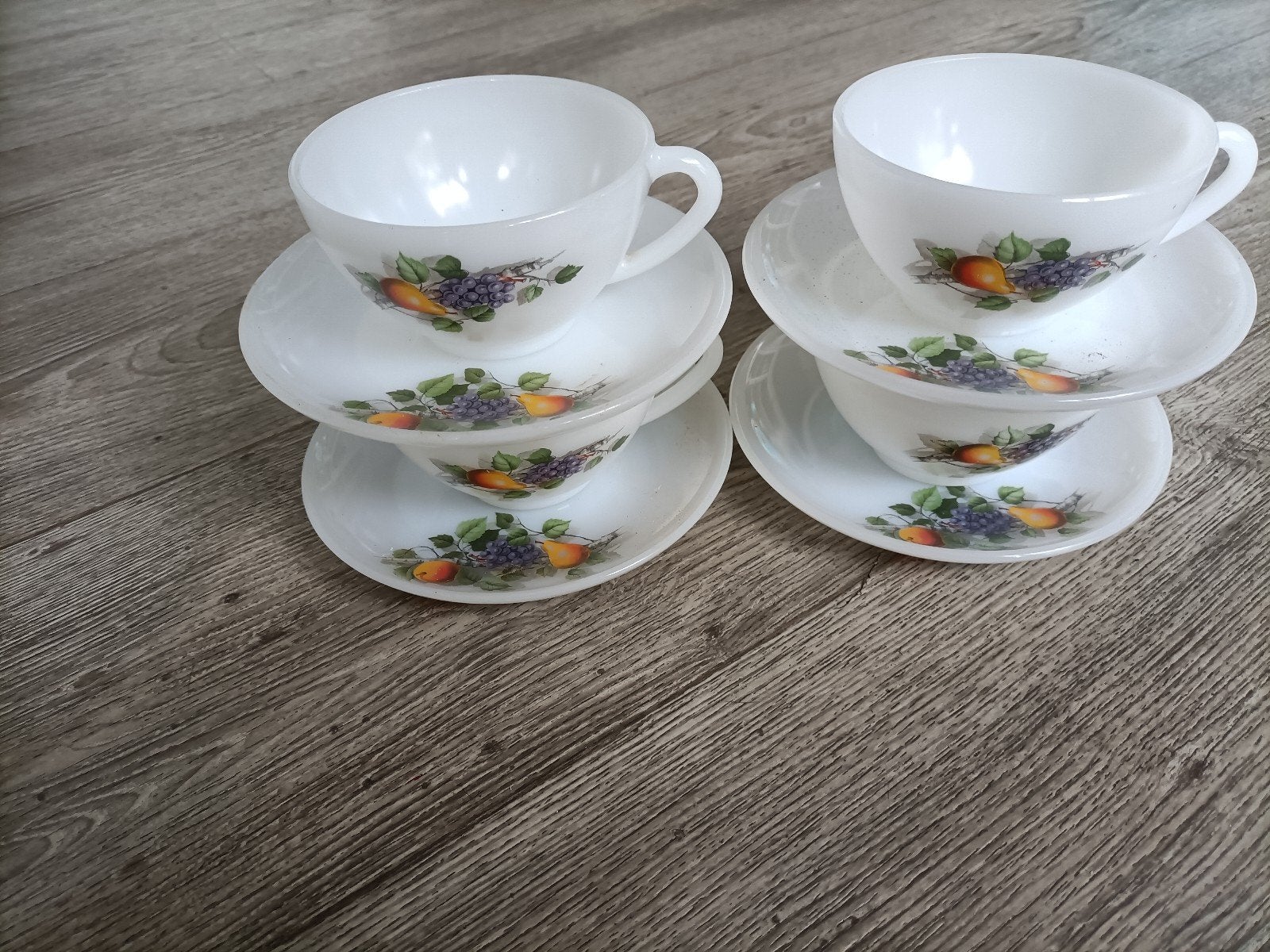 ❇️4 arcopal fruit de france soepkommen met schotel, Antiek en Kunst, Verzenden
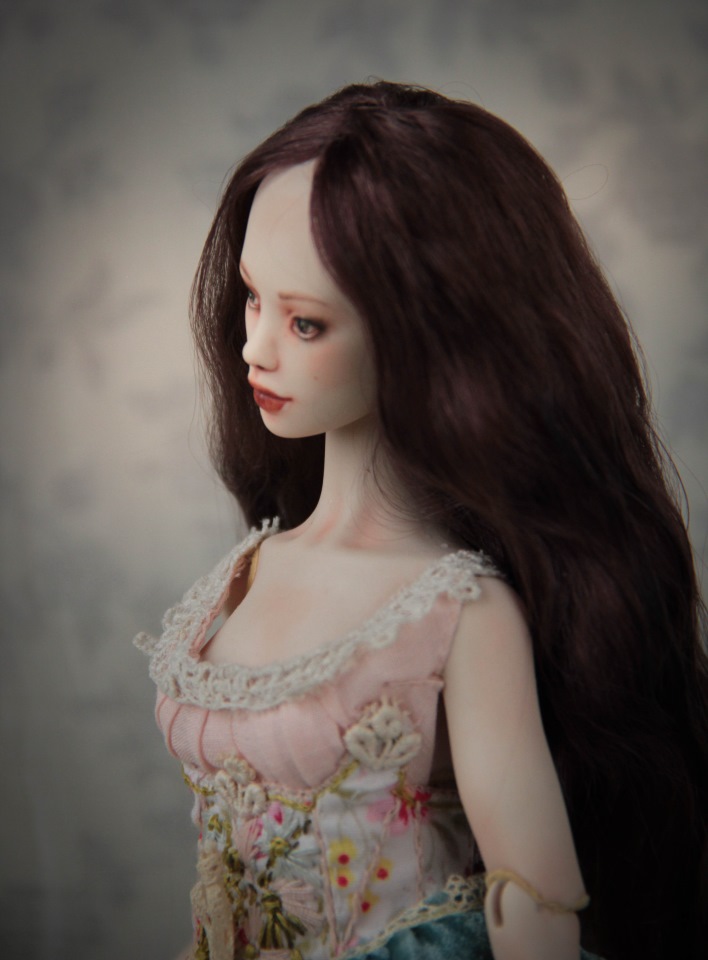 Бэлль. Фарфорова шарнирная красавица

--

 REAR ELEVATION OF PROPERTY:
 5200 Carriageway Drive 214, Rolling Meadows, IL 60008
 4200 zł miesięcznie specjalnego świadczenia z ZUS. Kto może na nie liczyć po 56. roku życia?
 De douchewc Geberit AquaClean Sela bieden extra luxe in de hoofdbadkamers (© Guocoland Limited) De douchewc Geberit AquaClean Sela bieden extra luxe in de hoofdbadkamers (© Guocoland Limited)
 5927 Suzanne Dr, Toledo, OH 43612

==

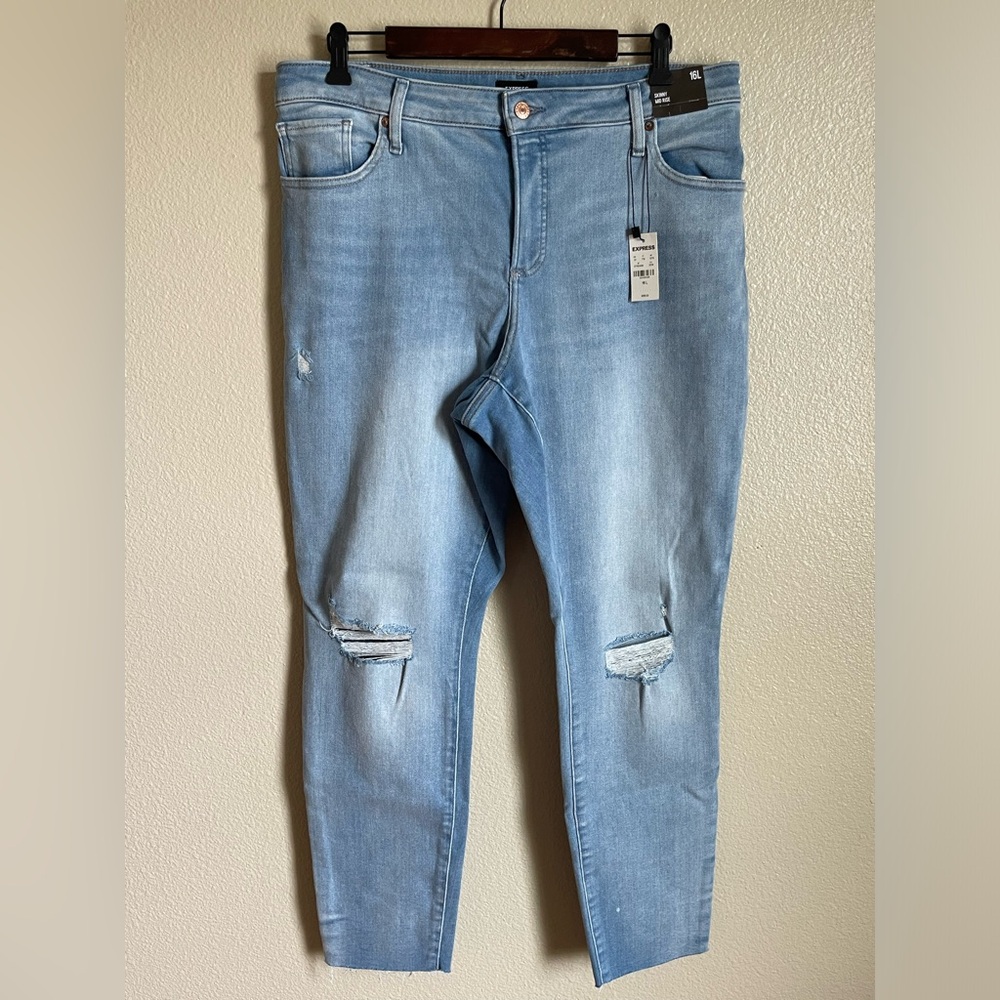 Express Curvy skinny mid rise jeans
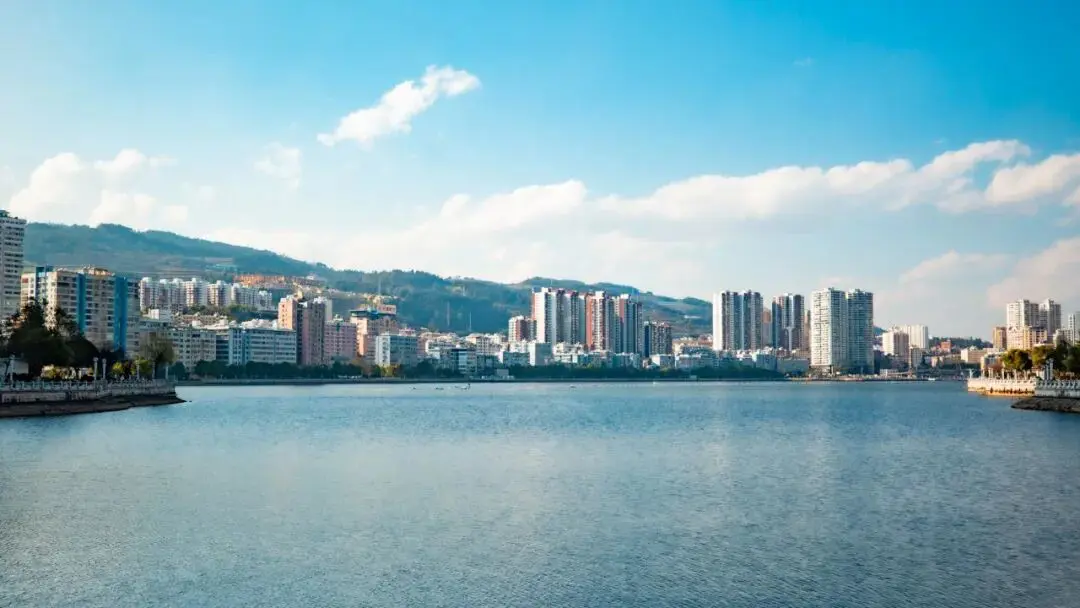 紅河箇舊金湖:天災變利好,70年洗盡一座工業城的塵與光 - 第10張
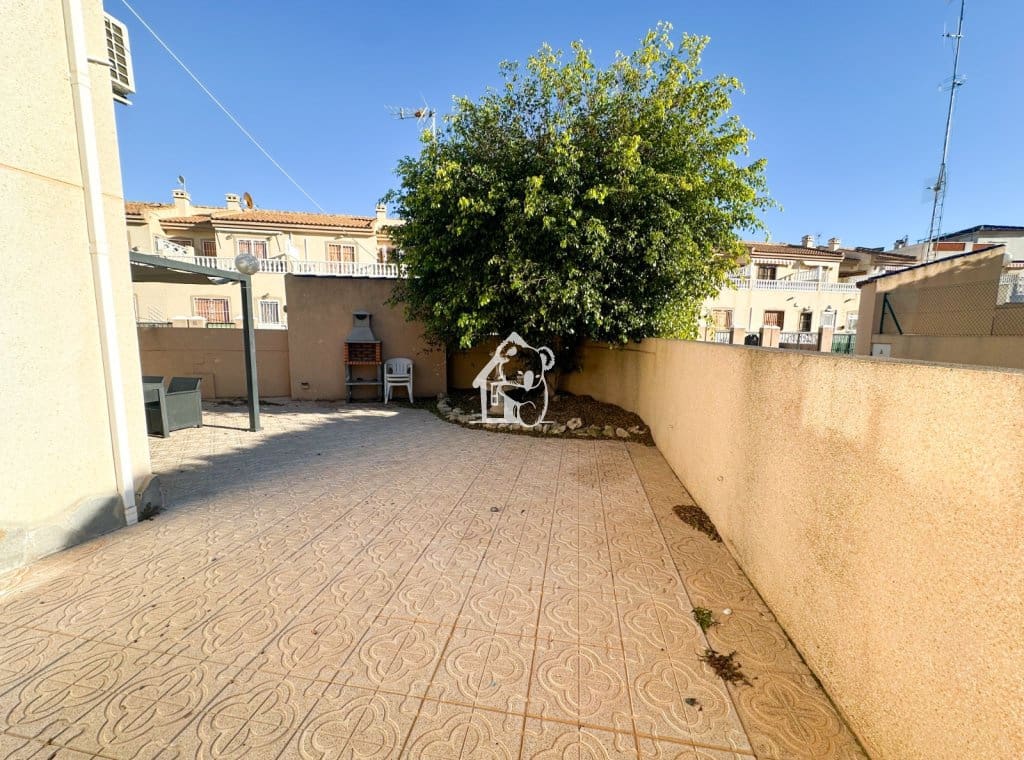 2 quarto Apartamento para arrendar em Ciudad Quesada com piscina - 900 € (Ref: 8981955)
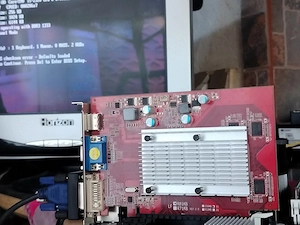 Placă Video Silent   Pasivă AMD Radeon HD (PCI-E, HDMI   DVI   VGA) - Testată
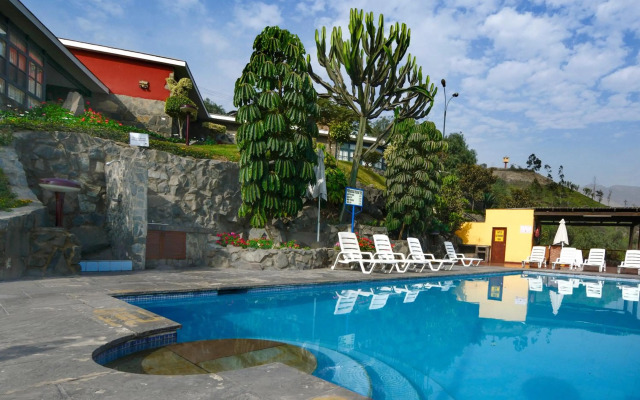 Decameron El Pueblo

- Task item
Everything starting at the line containing "REAR ELEVATION OF" and ending at the line containing "4200 zł miesięcznie" in the records above should be repeated exactly, and only that.

- Expected answer
 REAR ELEVATION OF PROPERTY:
 5200 Carriageway Drive 214, Rolling Meadows, IL 60008
 4200 zł miesięcznie specjalnego świadczenia z ZUS. Kto może na nie liczyć po 56. roku życia?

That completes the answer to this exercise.